What you are asked to do = Starting at the line that contains "攻螺纹基础知识，螺纹的结构和特点讲解，丝锥的设计加工指南", quote every line through the end of the entries, word for word, skipping the pictures.

Extracted entries =
□ □ □ □
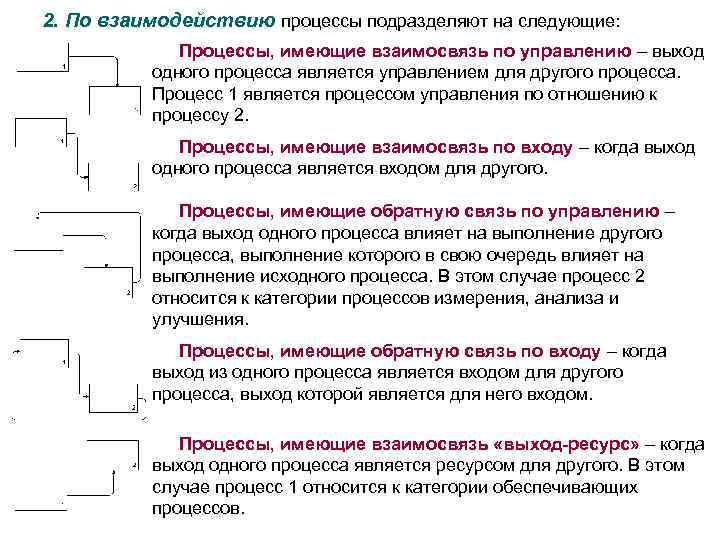 Последующие процессы. Процессы, имеющие взаимосвязь по управлению. Что является входом процесса. Выход 1 процесса является входом другого процесса. Следующий процессов.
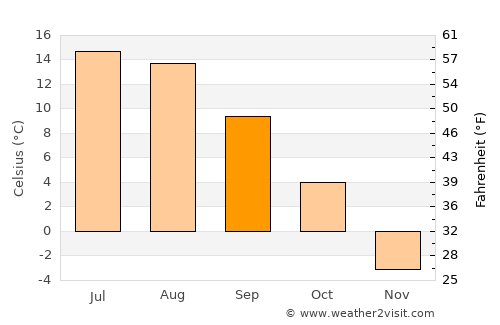 Eagle average temperature in September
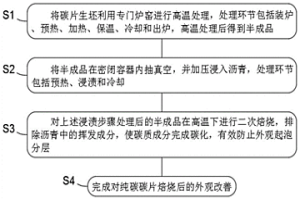 用于改善纯碳碳片焙烧后外观起泡分层的方法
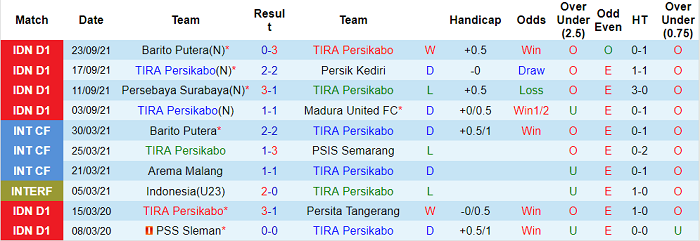 Nhận định, soi kèo TIRA-Persikabo vs Persib Bandung, 19h ngày 27/9 - Ảnh 1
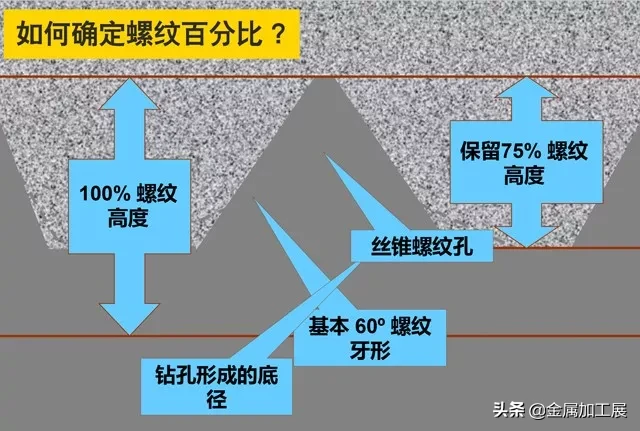 攻螺纹基础知识，螺纹的结构和特点讲解，丝锥的设计加工指南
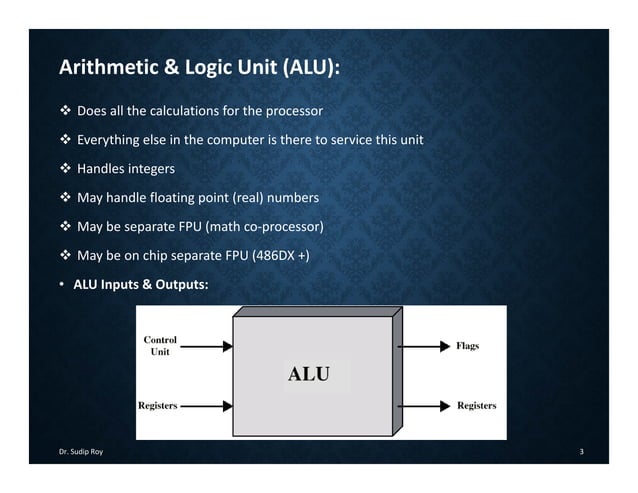 CSN221_Lec_5.pdf Computer Organization, CPU Structure and Functions | PPT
□ □ □ □
Task answer =
 攻螺纹基础知识，螺纹的结构和特点讲解，丝锥的设计加工指南
 CSN221_Lec_5.pdf Computer Organization, CPU Structure and Functions | PPT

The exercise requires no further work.